Supplied material →
◇ ◇ ◇ ◇ ◇

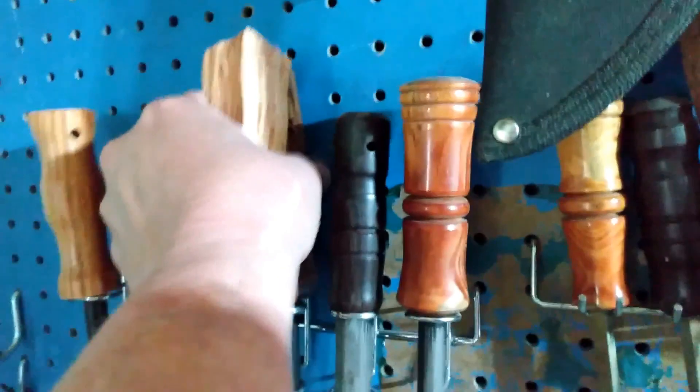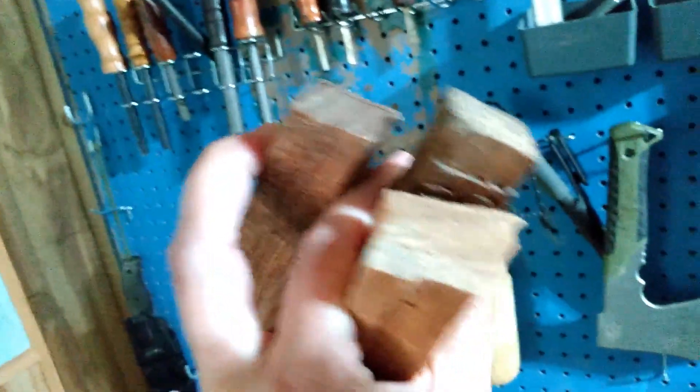Gotta get me a ferrorod. And a striker. And we got some Florida fatwood. That's my last video — I didn't get to show you how it burned.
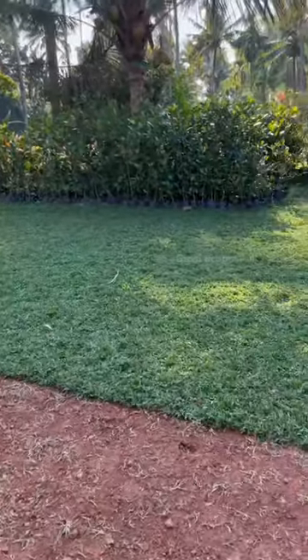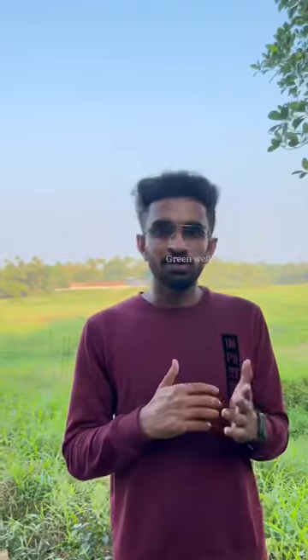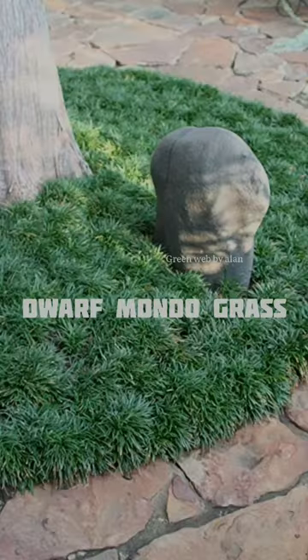We all enjoy the landscape, and this grass is better than GMT. In the market, there are many types of grass: pear grass, pear grass variegated, buffalo grass, dwarf monto grass, and Mexican grass.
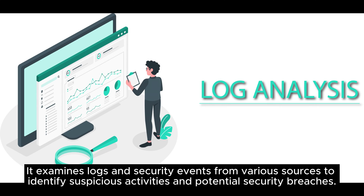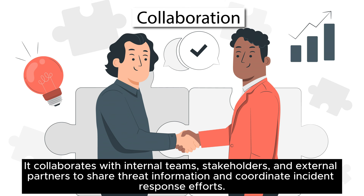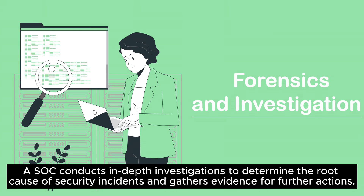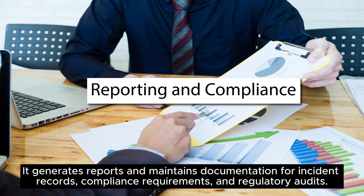A SoC examines logs and security events from various sources to identify suspicious activities and potential security breaches. It identifies and manages vulnerabilities in systems and applications to proactively address potential security risks, collaborates with internal teams, stakeholders, and external partners to share threat information and coordinate incident response efforts, conducts in-depth investigations to determine the root cause of security incidents, and generates reports and maintains documentation for incident records, compliance requirements, and regulatory audits.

◇ ◇ ◇ ◇ ◇

What the exercise asks → The listing above should be returned word for word, with pictures omitted.

Reply to the exercise →
Gotta get me a ferrorod. And a striker. And we got some Florida fatwood. That's my last video — I didn't get to show you how it burned.
We all enjoy the landscape, and this grass is better than GMT. In the market, there are many types of grass: pear grass, pear grass variegated, buffalo grass, dwarf monto grass, and Mexican grass.
A SoC examines logs and security events from various sources to identify suspicious activities and potential security breaches. It identifies and manages vulnerabilities in systems and applications to proactively address potential security risks, collaborates with internal teams, stakeholders, and external partners to share threat information and coordinate incident response efforts, conducts in-depth investigations to determine the root cause of security incidents, and generates reports and maintains documentation for incident records, compliance requirements, and regulatory audits.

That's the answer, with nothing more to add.